SUPPLIED RECORDS:
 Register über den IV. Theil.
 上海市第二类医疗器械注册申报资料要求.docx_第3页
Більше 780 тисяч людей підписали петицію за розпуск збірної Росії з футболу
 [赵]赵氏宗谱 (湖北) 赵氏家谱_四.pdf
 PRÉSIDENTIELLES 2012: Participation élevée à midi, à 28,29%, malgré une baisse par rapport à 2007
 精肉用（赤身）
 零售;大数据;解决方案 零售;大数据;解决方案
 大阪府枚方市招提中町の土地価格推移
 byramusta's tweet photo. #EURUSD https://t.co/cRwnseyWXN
--
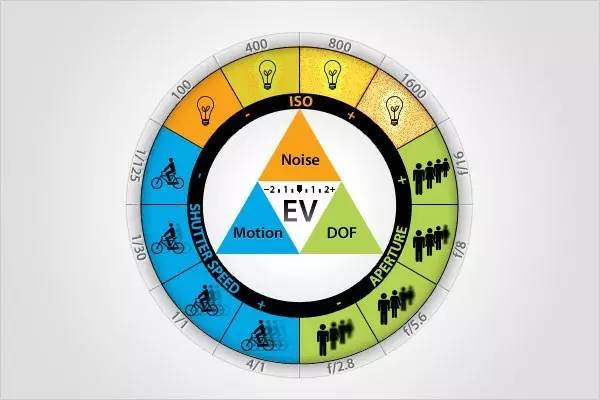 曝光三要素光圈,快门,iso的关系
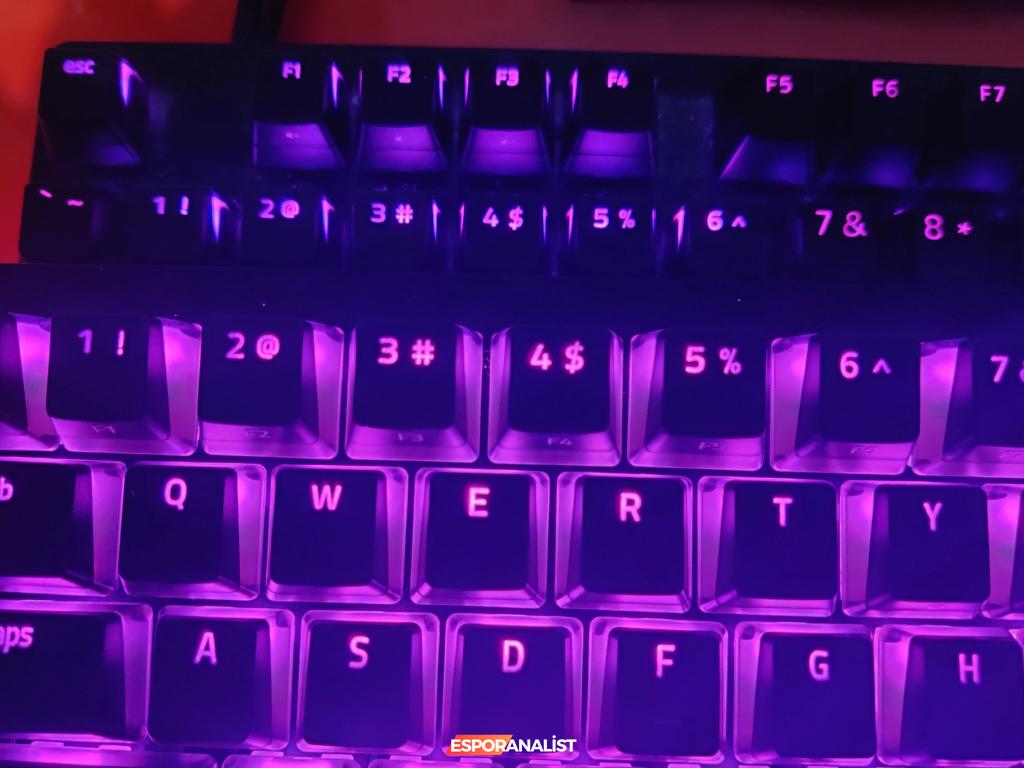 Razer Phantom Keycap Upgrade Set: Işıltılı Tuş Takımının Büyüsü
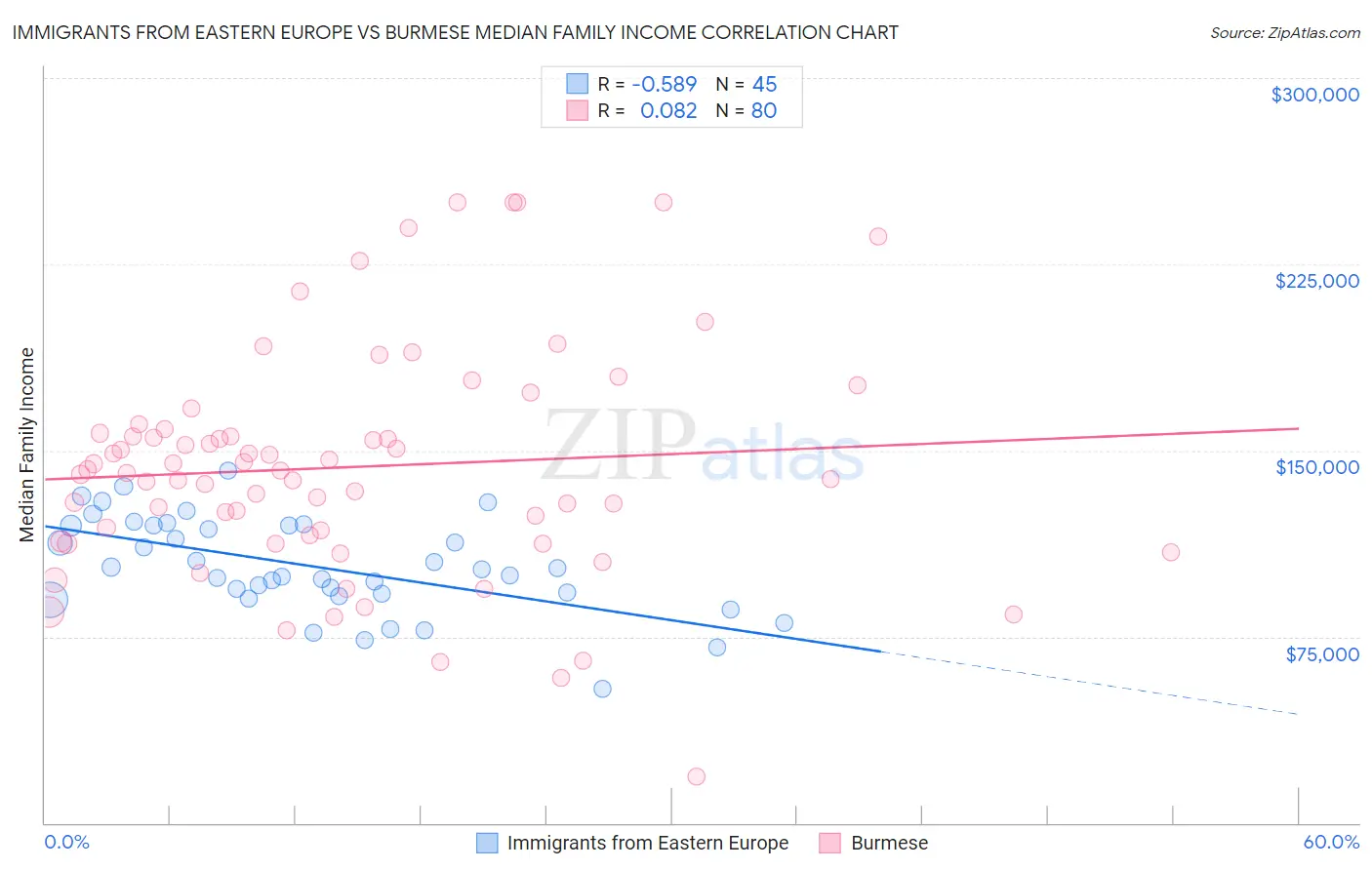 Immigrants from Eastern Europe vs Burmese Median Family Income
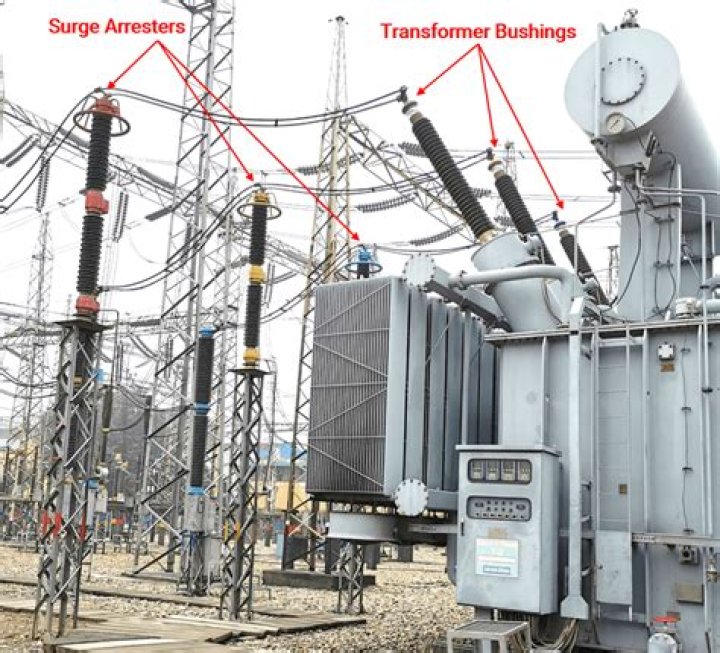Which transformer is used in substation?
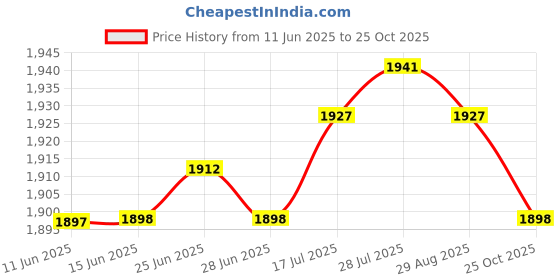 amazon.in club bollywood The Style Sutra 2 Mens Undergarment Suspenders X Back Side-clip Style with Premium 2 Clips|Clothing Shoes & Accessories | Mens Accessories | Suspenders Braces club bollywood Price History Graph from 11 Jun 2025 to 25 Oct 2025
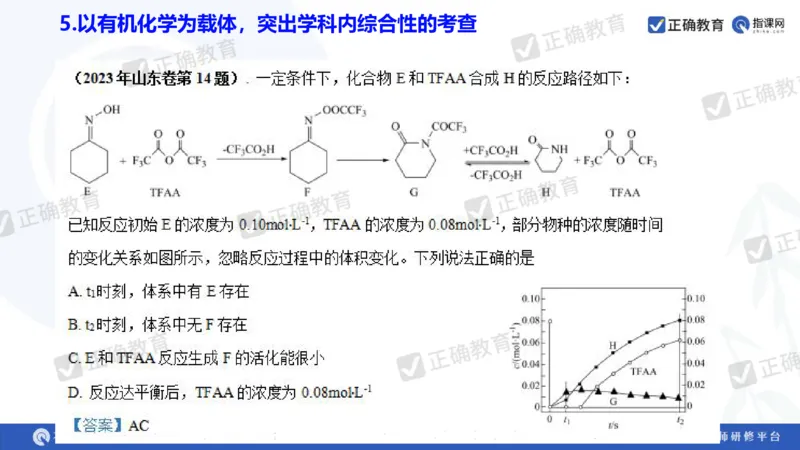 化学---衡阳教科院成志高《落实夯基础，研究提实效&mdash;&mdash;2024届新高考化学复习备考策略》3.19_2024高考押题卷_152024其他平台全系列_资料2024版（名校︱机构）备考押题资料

WHAT TO DO: In the listing above, find the line holding "amazon.in club bollywood" and the line holding "化学---衡阳教科院成志高《". Reproduce those two lines and all between them exactly, leaving out pictures.

EXERCISE OUTPUT:
 amazon.in club bollywood The Style Sutra 2 Mens Undergarment Suspenders X Back Side-clip Style with Premium 2 Clips|Clothing Shoes & Accessories | Mens Accessories | Suspenders Braces club bollywood Price History Graph from 11 Jun 2025 to 25 Oct 2025
 化学---衡阳教科院成志高《落实夯基础，研究提实效&mdash;&mdash;2024届新高考化学复习备考策略》3.19_2024高考押题卷_152024其他平台全系列_资料2024版（名校︱机构）备考押题资料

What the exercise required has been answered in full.